Work required:
Would you copy all lines in the data that contain the word "Blue"?

Provided information:
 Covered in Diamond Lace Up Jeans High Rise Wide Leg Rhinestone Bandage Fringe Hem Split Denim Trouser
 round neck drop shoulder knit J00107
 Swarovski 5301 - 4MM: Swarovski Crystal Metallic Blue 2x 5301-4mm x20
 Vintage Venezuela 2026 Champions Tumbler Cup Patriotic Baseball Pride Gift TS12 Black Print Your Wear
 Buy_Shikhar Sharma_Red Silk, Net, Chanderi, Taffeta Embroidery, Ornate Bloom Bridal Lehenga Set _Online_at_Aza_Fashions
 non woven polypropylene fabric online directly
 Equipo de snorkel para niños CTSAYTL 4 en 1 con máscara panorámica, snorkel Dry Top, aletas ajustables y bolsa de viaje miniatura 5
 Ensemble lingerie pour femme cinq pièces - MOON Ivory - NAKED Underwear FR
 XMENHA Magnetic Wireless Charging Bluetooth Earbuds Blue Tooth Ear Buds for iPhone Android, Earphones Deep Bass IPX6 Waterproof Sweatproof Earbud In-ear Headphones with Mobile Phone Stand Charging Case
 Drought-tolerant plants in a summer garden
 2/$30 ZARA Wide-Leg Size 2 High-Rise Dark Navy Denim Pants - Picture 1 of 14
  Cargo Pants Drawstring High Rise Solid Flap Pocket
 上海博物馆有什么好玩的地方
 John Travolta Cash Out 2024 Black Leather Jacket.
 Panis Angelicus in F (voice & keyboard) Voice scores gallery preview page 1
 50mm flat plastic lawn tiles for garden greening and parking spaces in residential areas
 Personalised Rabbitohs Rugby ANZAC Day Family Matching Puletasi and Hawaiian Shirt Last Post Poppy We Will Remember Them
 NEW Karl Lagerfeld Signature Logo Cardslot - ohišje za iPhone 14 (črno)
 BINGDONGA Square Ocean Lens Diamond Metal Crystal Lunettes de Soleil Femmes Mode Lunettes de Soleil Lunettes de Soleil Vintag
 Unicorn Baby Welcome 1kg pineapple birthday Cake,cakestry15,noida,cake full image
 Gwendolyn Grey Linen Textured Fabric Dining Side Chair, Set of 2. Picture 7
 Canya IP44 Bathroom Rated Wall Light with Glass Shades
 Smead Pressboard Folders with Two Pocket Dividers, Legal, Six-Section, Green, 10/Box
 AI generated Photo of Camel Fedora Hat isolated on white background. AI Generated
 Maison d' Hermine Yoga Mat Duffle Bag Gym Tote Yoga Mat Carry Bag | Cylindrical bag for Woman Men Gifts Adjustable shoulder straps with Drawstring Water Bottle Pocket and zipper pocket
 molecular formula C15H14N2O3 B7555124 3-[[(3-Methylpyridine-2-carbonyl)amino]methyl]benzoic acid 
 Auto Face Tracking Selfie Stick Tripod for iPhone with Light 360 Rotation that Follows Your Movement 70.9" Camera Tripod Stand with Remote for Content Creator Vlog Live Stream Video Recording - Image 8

Answer space:
 Swarovski 5301 - 4MM: Swarovski Crystal Metallic Blue 2x 5301-4mm x20
 XMENHA Magnetic Wireless Charging Bluetooth Earbuds Blue Tooth Ear Buds for iPhone Android, Earphones Deep Bass IPX6 Waterproof Sweatproof Earbud In-ear Headphones with Mobile Phone Stand Charging Case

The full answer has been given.